Well, the very first gate that you need to pass is through the screening process. And the screening process is gonna be looking for very specific things, and I gave you some hints on this I know before about how you look at the job posting and that will literally tell you what they're looking for. So put the things in the job posting into your resume. So that will help you get past that screener.

[00:06:00] So you have one base resume that you use, but then you take that base resume or template resume, whatever you wanna call it, and then you customize it based on that job. All right? So it does take work, but if you want the job, do the work. I mean, that's basically the reason why people will pass you by is cuz they're doing the work

to get the job. And employers can see that like you really want it and you've done the work. For example, I was recently hiring a copywriter for the safety geek, and people would send me examples of their writing, but I specifically said in the post, if you want to win extra points, write something based on one of my blog posts.

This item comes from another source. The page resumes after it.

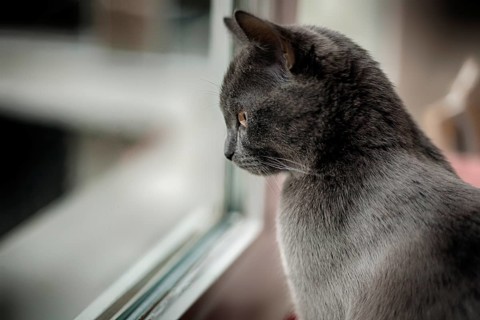 Little cat sits at the window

And literally out of the 150 people that applied for this position, only two people did that. So like personalizing things and really relating it to the job posting will help

[00:07:00] you get through that screening process. Number two is know your answer to common interview questions and then practice your responses so that way they come out flowing like, Hey, you know this stuff you're confident in your response.

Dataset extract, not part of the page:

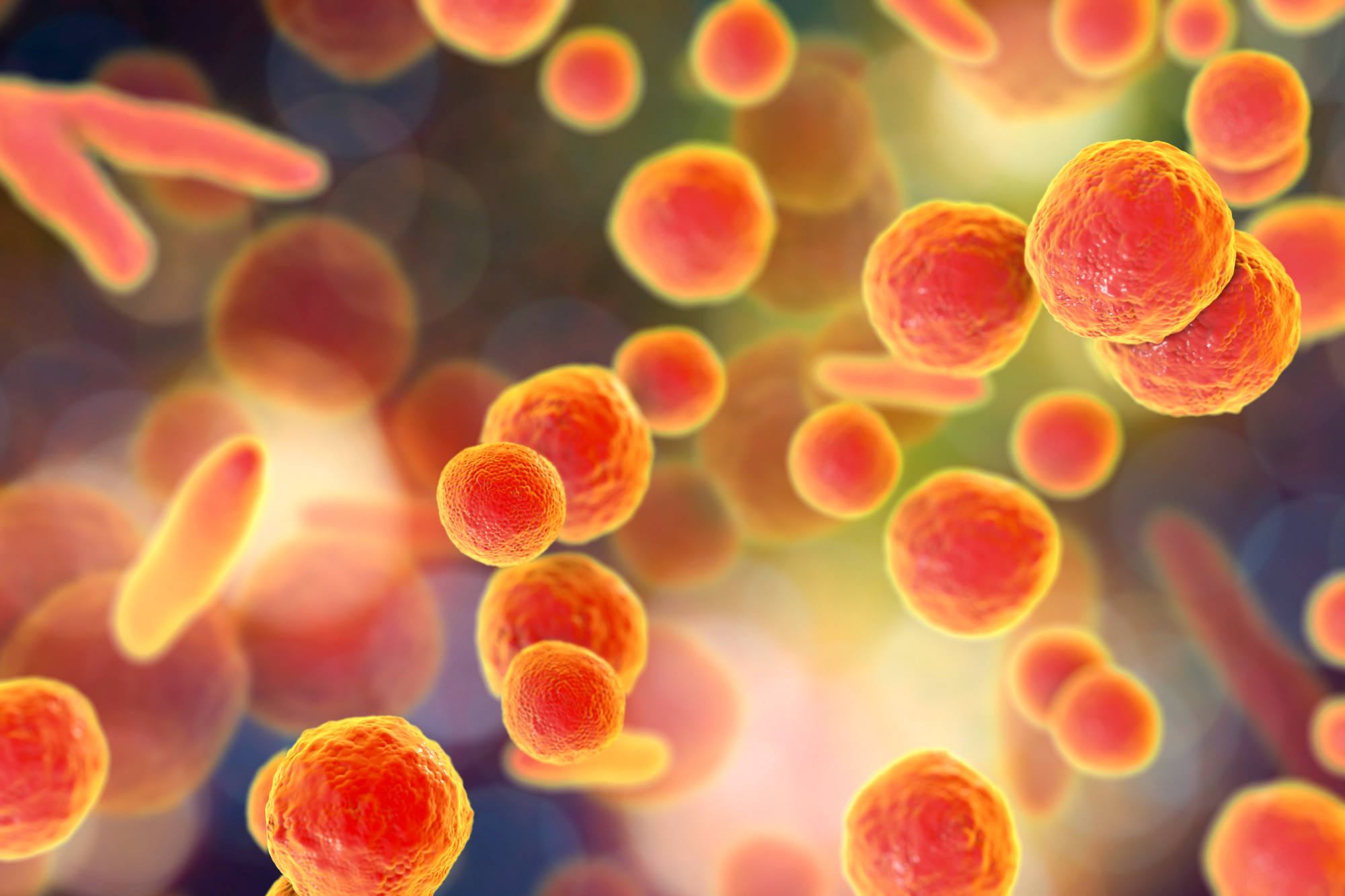 New EP 2.6.7 Regulation: What Changes in Mycoplasma Detection and How to Stay Compliant? - Sartorius Croatia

But more importantly, you wanna reframe your responses to be how hiring you helps the organization, how you can help them achieve things that you helped other organizations achieve. So if you have a history of reducing mod rates or you have a history of reducing injury rates, or you have a history of increasing efficiencies, whatever it is that you know you're skilled at, you can say, look, this is what I did at this other organization and I looked at your organization and I can see that you have these types of hazards in your industry and I can apply the same practice to there to reduce those types of injuries. So that if you show that you've actually done some research about the organization, that

[00:08:00] helps as well. And this'll get you past the screener because what happens is the screener is gonna call you. It's generally like the HR manager, right? The HR manager does not make the hiring decision. It's the boss of the position that's gonna make the hiring decision or maybe the whole management team together.

But it's not gonna be the HR manager alone or a talent acquisition employee. So you have to get past that person and they are going to ask every single person they call the same exact questions. So if you Google common interview questions and then just practice your responses to them, but reframe them in a way that you're showing confidence that you've researched the company and that hiring you is going to benefit the company.

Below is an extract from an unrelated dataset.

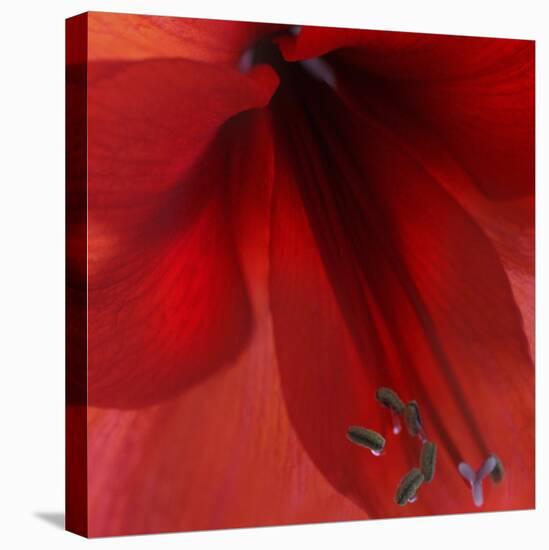 Red Amaryllis Abstract-Anna Miller-Premier Image Canvas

That's what they want to know. They don't care about you. They care about what you can do for them. So make sure you're always talking about what you could do for them. And then when you show up for the interview, that's the next stage. Once you've gotten past the screen, or you might have one interview, you might have two,

[00:09:00] whatever. When you show up for the interview, have a one sheet ready and a portfolio. So a one sheet is basically if you do a search for a speaker's one sheet, that will give you an example of what I'm talking about, cuz hardly anybody does this for a resume. But once again, I like to stand out. So if you create a one sheet that basically has your image and tells pertinent facts about yourself, like maybe your personality testing results, your hobbies, anything about your family plus your experience and why you chose the field that you did and anything like that.

Just a really quick reference sheet in color. And you hand it to them when you walk into the interview, they can pair that with your resume and then when later when they're making that decision, you're going to stand out because they actually have your image. The way I like to think about it is like in theater, in Hollywood and all of that, when they are auditioning actors, they always have their headshot and then on the back of their

[00:10:00] headshot has all the information about the actor. It's the same thing. Even though our jobs don't have anything to do about us personally, you want them to remember your face and they want you to remember you. So I'm not saying do a headshot like an actor. What I'm saying is it's a one sheet piece of paper with like your picture up in the corner.

That's all. So that ends up standing out to them a lot more and you wanna personalize it and you wanna try to connect with them. One of the things that I like to do is research the person who I'm gonna have the interview with and see if I can maybe find them on Facebook or Twitter or LinkedIn and see what kind of hobbies they have.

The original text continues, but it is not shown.